Short web captions
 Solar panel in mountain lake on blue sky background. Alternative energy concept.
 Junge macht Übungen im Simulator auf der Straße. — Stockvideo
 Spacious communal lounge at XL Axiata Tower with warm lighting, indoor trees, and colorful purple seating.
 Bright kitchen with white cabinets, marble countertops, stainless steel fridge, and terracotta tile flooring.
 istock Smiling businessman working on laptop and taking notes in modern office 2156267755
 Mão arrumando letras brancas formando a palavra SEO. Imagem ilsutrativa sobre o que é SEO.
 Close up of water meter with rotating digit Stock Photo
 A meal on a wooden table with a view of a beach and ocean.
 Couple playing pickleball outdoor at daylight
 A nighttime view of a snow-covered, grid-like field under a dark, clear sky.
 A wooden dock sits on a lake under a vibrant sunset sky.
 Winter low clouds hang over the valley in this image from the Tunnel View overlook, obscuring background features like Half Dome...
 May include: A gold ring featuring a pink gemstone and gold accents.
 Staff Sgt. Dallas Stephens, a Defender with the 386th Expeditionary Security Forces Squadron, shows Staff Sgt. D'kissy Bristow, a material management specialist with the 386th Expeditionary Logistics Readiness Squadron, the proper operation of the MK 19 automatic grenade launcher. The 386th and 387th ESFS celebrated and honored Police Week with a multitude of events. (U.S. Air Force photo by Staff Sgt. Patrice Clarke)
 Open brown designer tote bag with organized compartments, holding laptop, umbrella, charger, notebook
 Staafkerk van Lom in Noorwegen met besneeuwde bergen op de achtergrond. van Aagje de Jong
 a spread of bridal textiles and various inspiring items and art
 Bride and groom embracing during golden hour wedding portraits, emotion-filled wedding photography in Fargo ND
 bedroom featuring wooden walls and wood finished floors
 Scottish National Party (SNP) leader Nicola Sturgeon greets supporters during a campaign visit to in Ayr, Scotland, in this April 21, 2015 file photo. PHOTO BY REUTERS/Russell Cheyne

▶ _Instructions to follow_
Write down, word for word, the lines above from the one containing "A meal on a" through the one containing "May include: A", both ends included.

▶ _Exercise solution_
 A meal on a wooden table with a view of a beach and ocean.
 Couple playing pickleball outdoor at daylight
 A nighttime view of a snow-covered, grid-like field under a dark, clear sky.
 A wooden dock sits on a lake under a vibrant sunset sky.
 Winter low clouds hang over the valley in this image from the Tunnel View overlook, obscuring background features like Half Dome...
 May include: A gold ring featuring a pink gemstone and gold accents.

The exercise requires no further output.